Implement VGG using Keras

In [1]:
# Load data
import os
import tensorflow as tf
import numpy as np

# load weights from https://dl.dropboxusercontent.com/u/50333326/vgg16.npy
path = '/home/ariel/DL/tensorflow/tutorials/'
vgg16_npy_path = os.path.join(path, 'vgg16.npy')            
data_dict = np.load(vgg16_npy_path, encoding='latin1').item()

# print keys in dictionary - 
# here it prints all the layers names in the VGG net
name = 'conv1_1'
print 'keys in layers = ', data_dict.keys(), '\n'
# tensorflow: weights are [height, width, in_channels, out_channels]
print 'weights shape in conv1_1', data_dict[name][0].shape, '\n'
print 'bias shape in conv1_1', data_dict[name][1].shape, '\n'


keys in layers =  ['conv5_1', 'fc6', 'conv5_3', 'fc7', 'fc8', 'conv5_2', 'conv4_1', 'conv4_2', 'conv4_3', 'conv3_3', 'conv3_2', 'conv3_1', 'conv1_1', 'conv1_2', 'conv2_2', 'conv2_1'] 
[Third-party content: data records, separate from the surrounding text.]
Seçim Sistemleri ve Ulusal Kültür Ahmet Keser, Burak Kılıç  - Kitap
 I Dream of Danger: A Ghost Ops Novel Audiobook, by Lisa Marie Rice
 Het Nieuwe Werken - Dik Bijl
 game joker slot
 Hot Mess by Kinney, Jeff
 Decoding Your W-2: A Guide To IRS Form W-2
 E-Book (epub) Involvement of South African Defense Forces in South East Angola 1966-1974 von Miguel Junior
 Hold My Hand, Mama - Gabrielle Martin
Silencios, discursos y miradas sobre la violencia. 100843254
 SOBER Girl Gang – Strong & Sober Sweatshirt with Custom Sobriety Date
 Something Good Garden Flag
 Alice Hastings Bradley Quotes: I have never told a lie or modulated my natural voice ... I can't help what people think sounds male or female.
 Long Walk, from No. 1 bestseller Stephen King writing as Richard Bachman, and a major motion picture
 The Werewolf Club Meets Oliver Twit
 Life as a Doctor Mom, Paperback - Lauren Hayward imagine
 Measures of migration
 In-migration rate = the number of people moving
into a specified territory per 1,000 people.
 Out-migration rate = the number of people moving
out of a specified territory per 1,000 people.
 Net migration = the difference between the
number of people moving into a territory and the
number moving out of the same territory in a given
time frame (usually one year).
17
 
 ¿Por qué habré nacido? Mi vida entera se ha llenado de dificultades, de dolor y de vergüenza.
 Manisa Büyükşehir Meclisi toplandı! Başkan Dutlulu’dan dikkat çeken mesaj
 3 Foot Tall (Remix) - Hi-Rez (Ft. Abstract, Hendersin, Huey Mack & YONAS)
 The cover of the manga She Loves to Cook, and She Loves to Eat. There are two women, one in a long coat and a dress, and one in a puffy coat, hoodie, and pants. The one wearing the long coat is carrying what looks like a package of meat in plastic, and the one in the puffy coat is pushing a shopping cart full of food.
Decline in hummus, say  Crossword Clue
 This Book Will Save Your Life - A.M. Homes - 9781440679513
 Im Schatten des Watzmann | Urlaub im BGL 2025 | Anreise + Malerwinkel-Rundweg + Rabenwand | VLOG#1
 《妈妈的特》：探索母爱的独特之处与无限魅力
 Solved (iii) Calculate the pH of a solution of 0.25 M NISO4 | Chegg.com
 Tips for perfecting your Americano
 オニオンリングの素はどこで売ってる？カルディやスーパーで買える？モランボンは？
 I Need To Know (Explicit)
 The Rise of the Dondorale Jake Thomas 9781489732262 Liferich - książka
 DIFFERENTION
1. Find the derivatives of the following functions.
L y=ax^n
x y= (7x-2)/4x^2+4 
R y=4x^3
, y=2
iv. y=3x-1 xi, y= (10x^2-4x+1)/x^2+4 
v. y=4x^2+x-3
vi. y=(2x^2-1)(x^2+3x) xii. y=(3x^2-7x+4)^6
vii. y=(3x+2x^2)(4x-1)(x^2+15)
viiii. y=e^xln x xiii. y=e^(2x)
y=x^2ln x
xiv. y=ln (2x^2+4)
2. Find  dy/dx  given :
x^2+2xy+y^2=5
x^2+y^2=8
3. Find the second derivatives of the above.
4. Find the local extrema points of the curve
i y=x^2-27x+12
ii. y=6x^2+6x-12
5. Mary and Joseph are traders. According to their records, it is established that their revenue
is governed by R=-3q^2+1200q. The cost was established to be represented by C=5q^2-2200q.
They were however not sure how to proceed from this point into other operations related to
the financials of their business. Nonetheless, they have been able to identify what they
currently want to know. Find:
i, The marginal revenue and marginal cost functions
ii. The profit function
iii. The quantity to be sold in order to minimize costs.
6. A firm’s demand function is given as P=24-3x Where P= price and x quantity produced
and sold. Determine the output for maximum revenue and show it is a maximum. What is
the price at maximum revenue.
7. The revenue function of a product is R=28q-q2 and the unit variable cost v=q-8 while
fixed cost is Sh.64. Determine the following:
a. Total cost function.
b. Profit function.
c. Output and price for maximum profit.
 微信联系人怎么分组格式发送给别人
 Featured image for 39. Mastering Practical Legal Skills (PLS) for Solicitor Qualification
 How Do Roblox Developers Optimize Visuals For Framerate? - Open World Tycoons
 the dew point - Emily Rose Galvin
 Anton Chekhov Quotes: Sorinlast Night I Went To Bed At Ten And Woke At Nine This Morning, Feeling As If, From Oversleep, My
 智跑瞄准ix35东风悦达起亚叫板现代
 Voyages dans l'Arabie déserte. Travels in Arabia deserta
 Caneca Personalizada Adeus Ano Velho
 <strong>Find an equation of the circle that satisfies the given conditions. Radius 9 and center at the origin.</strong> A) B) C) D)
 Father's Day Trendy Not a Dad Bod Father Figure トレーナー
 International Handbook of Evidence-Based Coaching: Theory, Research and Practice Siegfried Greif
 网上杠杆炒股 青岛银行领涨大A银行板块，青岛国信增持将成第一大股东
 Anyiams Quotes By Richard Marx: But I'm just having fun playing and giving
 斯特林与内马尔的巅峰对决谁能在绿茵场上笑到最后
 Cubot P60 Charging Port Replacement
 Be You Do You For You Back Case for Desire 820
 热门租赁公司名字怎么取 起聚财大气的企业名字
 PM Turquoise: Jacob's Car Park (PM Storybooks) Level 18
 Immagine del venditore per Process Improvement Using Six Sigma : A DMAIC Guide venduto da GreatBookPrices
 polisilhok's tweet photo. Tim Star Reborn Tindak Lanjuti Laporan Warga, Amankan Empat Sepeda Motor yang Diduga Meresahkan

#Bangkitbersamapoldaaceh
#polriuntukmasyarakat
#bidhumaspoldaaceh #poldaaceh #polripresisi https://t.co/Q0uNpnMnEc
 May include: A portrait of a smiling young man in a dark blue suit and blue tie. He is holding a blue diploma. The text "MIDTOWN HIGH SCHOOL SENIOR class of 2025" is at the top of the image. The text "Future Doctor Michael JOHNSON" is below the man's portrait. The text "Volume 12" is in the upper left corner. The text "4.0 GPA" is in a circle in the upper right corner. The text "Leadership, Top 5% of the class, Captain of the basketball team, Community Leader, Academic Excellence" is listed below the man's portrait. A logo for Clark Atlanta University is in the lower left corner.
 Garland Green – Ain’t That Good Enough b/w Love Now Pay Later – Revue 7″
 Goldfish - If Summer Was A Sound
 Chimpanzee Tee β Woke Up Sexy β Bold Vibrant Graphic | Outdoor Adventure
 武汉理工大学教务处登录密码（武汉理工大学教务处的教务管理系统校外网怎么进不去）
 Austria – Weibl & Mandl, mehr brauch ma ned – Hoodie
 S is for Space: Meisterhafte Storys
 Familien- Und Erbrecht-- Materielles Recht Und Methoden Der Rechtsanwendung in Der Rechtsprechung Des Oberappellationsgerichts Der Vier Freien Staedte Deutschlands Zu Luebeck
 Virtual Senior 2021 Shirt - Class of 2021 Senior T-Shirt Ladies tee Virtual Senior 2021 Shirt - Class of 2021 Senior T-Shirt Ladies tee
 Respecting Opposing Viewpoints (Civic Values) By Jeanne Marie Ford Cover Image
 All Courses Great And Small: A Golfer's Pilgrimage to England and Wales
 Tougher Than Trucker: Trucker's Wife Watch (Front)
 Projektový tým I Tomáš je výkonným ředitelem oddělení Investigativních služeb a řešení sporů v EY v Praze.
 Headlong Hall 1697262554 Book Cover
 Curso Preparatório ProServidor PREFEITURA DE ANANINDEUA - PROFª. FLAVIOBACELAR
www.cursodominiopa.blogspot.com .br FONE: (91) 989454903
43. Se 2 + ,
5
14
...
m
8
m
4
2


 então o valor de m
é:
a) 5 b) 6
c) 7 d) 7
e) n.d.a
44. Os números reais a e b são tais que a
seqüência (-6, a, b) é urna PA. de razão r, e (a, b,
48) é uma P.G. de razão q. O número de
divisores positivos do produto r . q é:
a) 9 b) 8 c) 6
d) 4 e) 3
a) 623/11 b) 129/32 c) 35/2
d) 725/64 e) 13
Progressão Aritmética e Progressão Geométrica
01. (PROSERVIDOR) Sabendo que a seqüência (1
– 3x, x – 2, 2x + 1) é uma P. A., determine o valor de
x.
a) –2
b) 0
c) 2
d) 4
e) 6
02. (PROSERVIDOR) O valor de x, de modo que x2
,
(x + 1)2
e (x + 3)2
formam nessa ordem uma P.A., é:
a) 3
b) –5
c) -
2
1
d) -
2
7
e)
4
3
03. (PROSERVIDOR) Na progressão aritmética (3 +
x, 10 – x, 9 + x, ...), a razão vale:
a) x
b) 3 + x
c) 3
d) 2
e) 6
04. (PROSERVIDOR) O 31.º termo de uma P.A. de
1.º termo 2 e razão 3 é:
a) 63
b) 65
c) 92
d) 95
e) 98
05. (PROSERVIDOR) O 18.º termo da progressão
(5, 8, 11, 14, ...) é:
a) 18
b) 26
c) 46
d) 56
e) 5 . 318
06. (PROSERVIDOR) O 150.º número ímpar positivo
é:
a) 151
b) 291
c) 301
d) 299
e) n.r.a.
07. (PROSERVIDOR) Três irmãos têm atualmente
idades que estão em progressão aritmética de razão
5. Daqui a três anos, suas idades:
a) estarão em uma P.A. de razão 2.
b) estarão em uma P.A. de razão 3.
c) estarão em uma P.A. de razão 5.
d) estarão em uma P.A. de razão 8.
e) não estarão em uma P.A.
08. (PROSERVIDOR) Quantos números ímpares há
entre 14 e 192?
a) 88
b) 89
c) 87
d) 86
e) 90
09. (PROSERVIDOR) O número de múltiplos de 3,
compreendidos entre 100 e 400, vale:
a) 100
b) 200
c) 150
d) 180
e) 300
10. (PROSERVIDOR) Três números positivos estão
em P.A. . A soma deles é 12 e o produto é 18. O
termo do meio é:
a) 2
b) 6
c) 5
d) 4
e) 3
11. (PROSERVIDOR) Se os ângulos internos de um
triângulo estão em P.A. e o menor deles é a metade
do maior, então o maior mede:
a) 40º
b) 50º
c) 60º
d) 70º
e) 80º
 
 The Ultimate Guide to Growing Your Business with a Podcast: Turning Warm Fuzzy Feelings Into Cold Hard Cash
weights shape in conv1_1 (3, 3, 3, 64) 

bias shape in conv1_1 (64,) 



** the network **

In [2]:
def extract_data(name):
    nb_filters_out = data_dict[name][0].shape[3]
    nb_rows = data_dict[name][0].shape[0]
    nb_cols = data_dict[name][0].shape[1]
    nb_channels = data_dict[name][0].shape[2]
    weight = data_dict[name][0]
    bias = data_dict[name][1]
    return nb_filters_out, nb_rows, nb_cols, nb_channels, weight, bias

In [6]:
# build a simple model
from keras.models import Sequential
from keras.layers.convolutional import Convolution2D, MaxPooling2D


# load an image
IMAGE_SIZE = 224
img_shape = (1, IMAGE_SIZE, IMAGE_SIZE, 3) # tf format (N,H,W,C)
img = np.linspace(-0.1, 0.5, num=np.prod(img_shape)).reshape(img_shape)

# the network
model = Sequential()

nb_filters_out, nb_rows, nb_cols, nb_channels, weight, bias = extract_data('conv1_1')    
model.add(Convolution2D(nb_filters_out, # number of output filters
                        nb_rows,        # number of rows in the input kernel   
                        nb_cols,        # number of cols in the input kernel   
                        border_mode='same', 
                        input_shape=(IMAGE_SIZE, IMAGE_SIZE, 3), # shape of input image = ROWS x COLS x CHANNELS 
                        activation='relu', # activation
                        weights=[weight, bias])) # initial weights

nb_filters_out, nb_rows, nb_cols, nb_channels, weight, bias = extract_data('conv1_2')    
model.add(Convolution2D(nb_filters_out, # number of output filters
                        nb_rows,        # number of rows in the input kernel   
                        nb_cols,        # number of cols in the input kernel   
                        border_mode='same', 
                        input_shape=(IMAGE_SIZE, IMAGE_SIZE, 3), # shape of input image = ROWS x COLS x CHANNELS 
                        activation='relu', # activation
                        weights=[weight, bias])) # initial weights

model.add(MaxPooling2D(pool_size=(2, 2), strides=None, border_mode='same'))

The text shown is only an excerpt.